Baoshan Steel Warns of Tougher Fourth Quarter After Profit Surge

Fresh from reporting a doubling in profit, Baoshan Iron & Steel Co., China’s biggest publicly-traded steelmaker, cautioned of a tougher quarter ahead, reflecting the challenges facing an industry beset by overcapacity, a slowing domestic market and simmering trade tensions.

Baoshan cut prices for this month and next, which will hurt profit margins in the fourth quarter, Zhu Kebing, chief financial officer of the Shanghai-based company, said in an online briefing today. The company yesterday reported its highest profit in five quarters following a decline in raw material costs.

The price cuts reflect the impact of the cooling Chinese real estate market and overproduction in the industry. While export markets have provided relief, China’s trade partners have begun complaining. Steel demand in China will stay at low levels as pressure on the economy persists, Baoshan said yesterday in its earnings statement.

Iron ore prices, which according to Baoshan’s calculations tumbled 41 percent in the third quarter, have shown signs of stabilizing. Ore with 62 percent content delivered to Qingdao added 0.9 percent to $79.82 a ton yesterday, according to data from Metal Bulletin Ltd. The price has gained 2.3 percent so far since Sept. 30.
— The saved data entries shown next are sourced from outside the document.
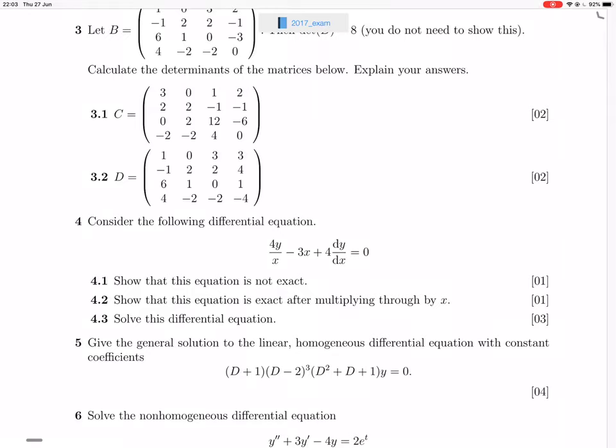Okay, so question four. They give us this differential equation and say that we've got to show that it's not exact.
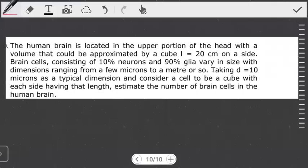Hello students, welcome to the tutorial on units and conversions. In this tutorial, we're going to look at the question I left you guys with in the previous video. Hope you had time to go through it. Now with that in mind, let's get on to the question and see what we need to find.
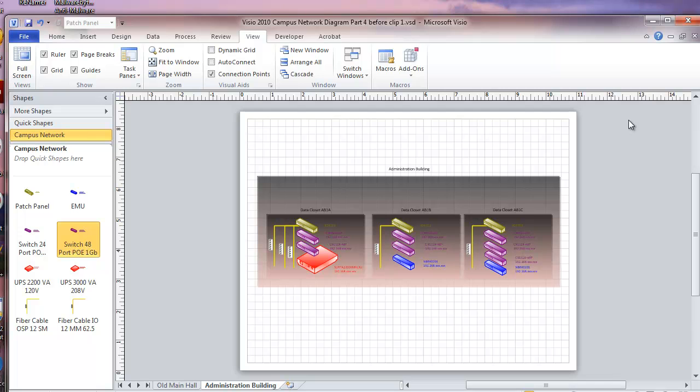And we can continue adding buildings and as you can see they go pretty quick. In our next video we'll be looking at making some sense out of all this and show how we do reports which are the real asset of using this setup with the data fields.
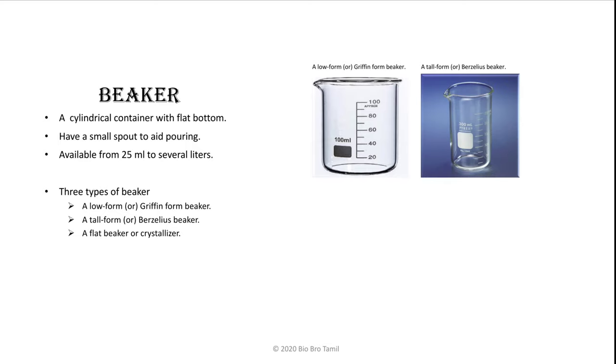The second type is a tall form. This is a tall form of beaker, also called a Berzelius beaker.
Baoshan Steel yesterday joined Angang Steel Co. and Hebei Iron & Steel Co. in reporting a surge in profit after raw material costs fell faster than steel prices.

Iron ore may hover around $80 to $90 in future, Dai Zhihao, general manager of Baoshan, said at the briefing. Baoshan’s investment in iron ore mines would maintain good returns at current prices, he said.

Export Markets

China’s economy in the third quarter grew at its slowest pace since the first quarter of 2009, providing the latest indication of weakening steel demand at home and more reason to look to overseas markets.

China’s steel-product exports surged 73 percent to 8.52 million tons in September from a year ago, taking this year’s shipment to a total of 65.4 million tons.

A boost in China’s steel exports has raised speculation that the government may cancel or cut tax rebates that some exporters are currently enjoying, Chen Derong, newly-elected chairman of Baoshan Steel, said at today’s briefing.

“If the policy is really imposed, it will increase exporters’ costs and have a big impact on the overseas steel sales,” Chen said. “Our company will also be affected.”

China gives rebates on shipments of some cold-rolled products and so-called steel alloys, which contain other metals and materials such as boron, according to Hu Yanping, a Beijing-based analyst with researcher Custeel.com. Many mills are able to receive refunds by adding boron into their products, she said.

“To Baoshan, the impact could be very limited,” Hu said. “Baoshan’s cold-rolled products are regarded as high value-added so they’re unlikely to be targeted under the government’s move to curtail exports.”

Three calls to the Ministry of Finance’s tax rebate division were unanswered.